- WHAT IS BEING ASKED
Find "A man is holding" in the listing below, then set down only that line and each later line, unchanged, leaving out pictures.

- DATA EXTRACT
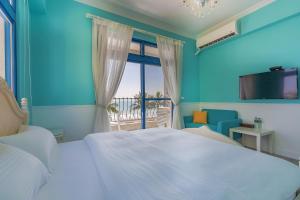 Un dormitorio con una cama blanca y un balcón. en White Sand Homestay, en Hualien City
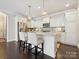 Bright, white kitchen with island seating, granite countertops, stainless appliances, and pendant lighting at 1226 Restoration Dr, Waxhaw, NC 28173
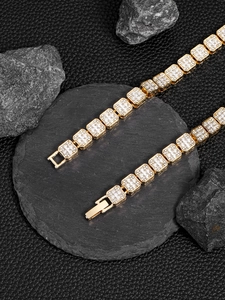 Detailed close-up of 13mm gold plated iced out cuban chain with square diamond links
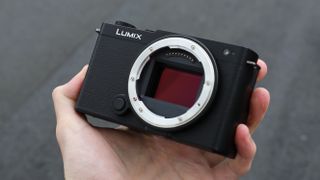 Panasonic Lumix S9 camera held in a hand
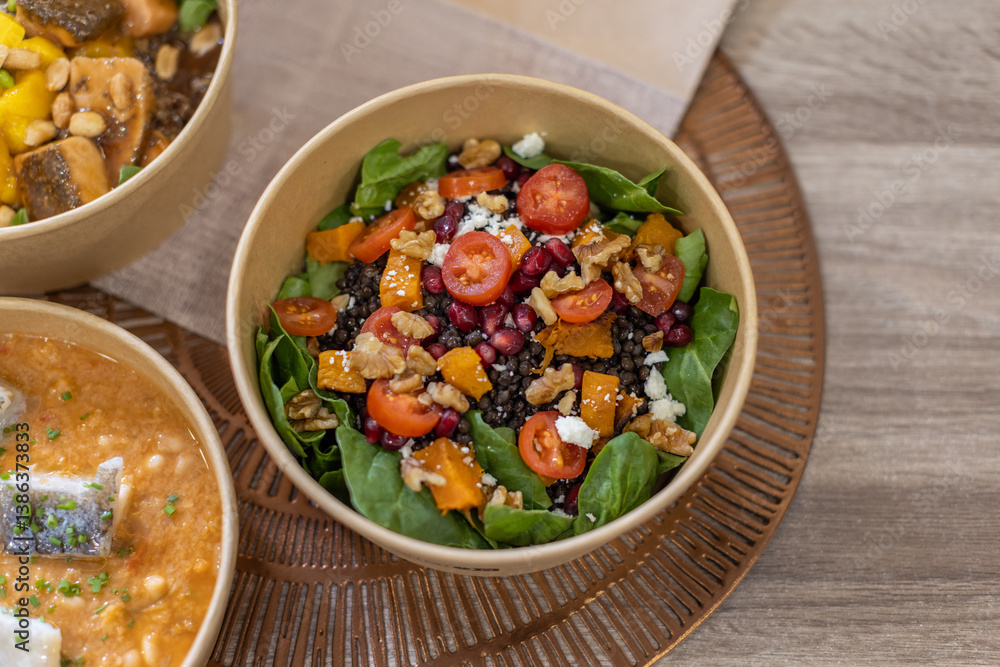 A healthy salad with black lentils, spinach, cherry tomatoes, walnuts, pomegranate, pumpkin, and feta. Horizontal close-up on a wooden surface. Healthy grab-and-go concept, biodegradable packaging A healthy salad with black lentils, spinach, cherry tomatoes, walnuts, pomegranate, pumpkin, and feta. Horizontal close-up on a wooden surface. Healthy grab-and-go concept, biodegradable packaging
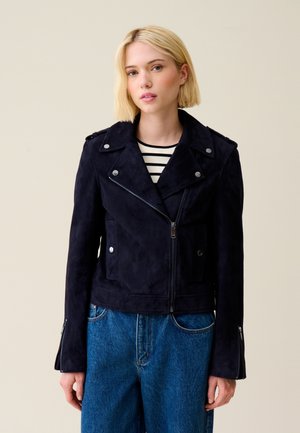 Giacca da moto in suede blu navy con accessori in metallo argentato, tasche con zip e un design del colletto classico. Abbinata a una maglietta a righe e denim.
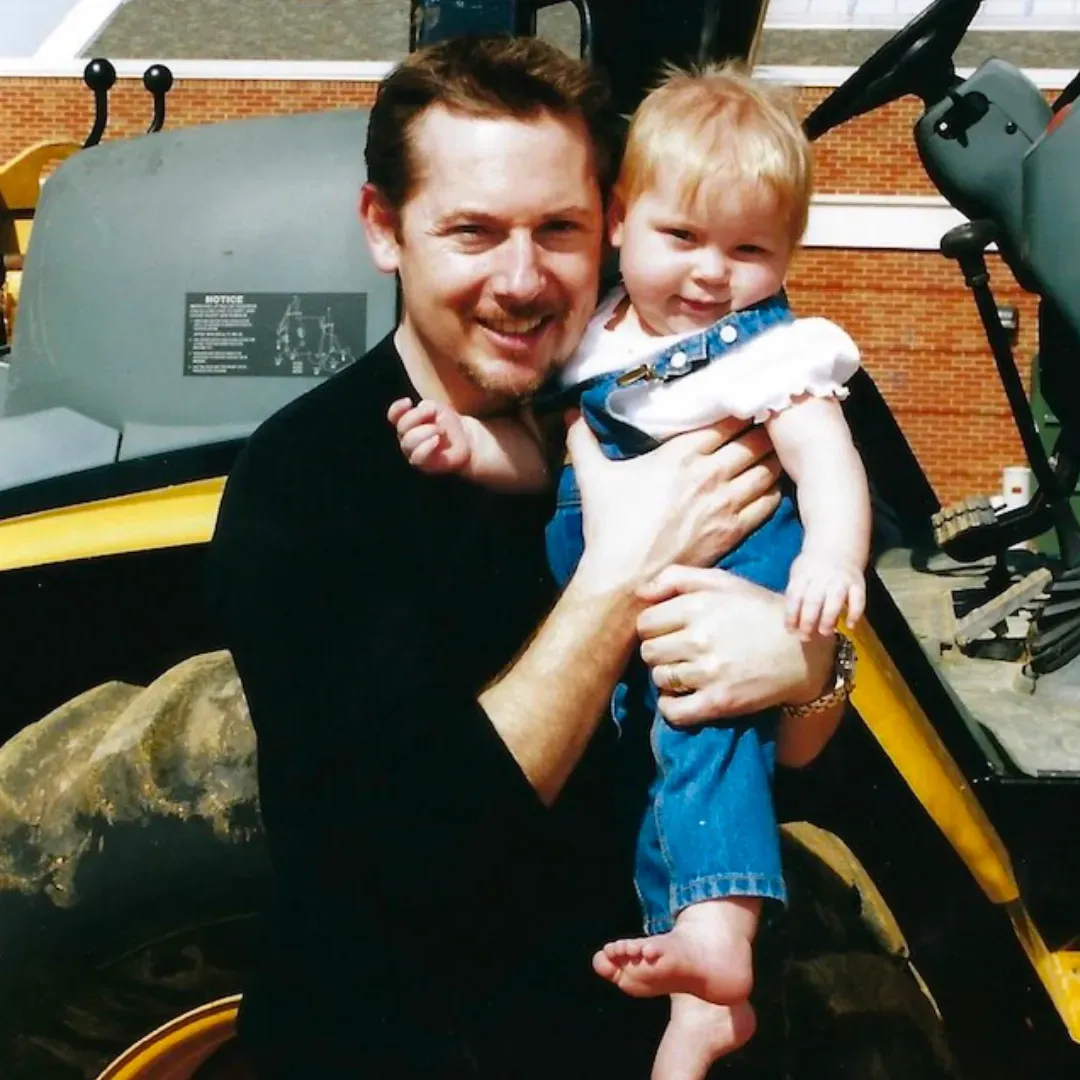 A man is holding a baby in front of a tractor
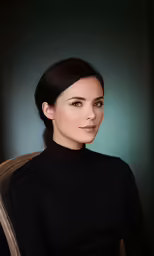 a woman wearing black dress sitting in a chair
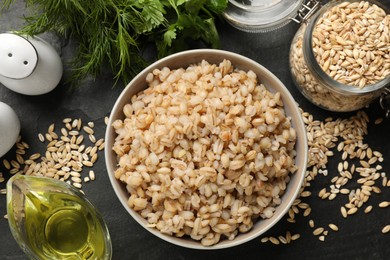 Photo of Tasty pearl barley porridge in bowl on dark table, flat lay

- RESULT OF THIS TASK
 A man is holding a baby in front of a tractor
 a woman wearing black dress sitting in a chair
 Photo of Tasty pearl barley porridge in bowl on dark table, flat lay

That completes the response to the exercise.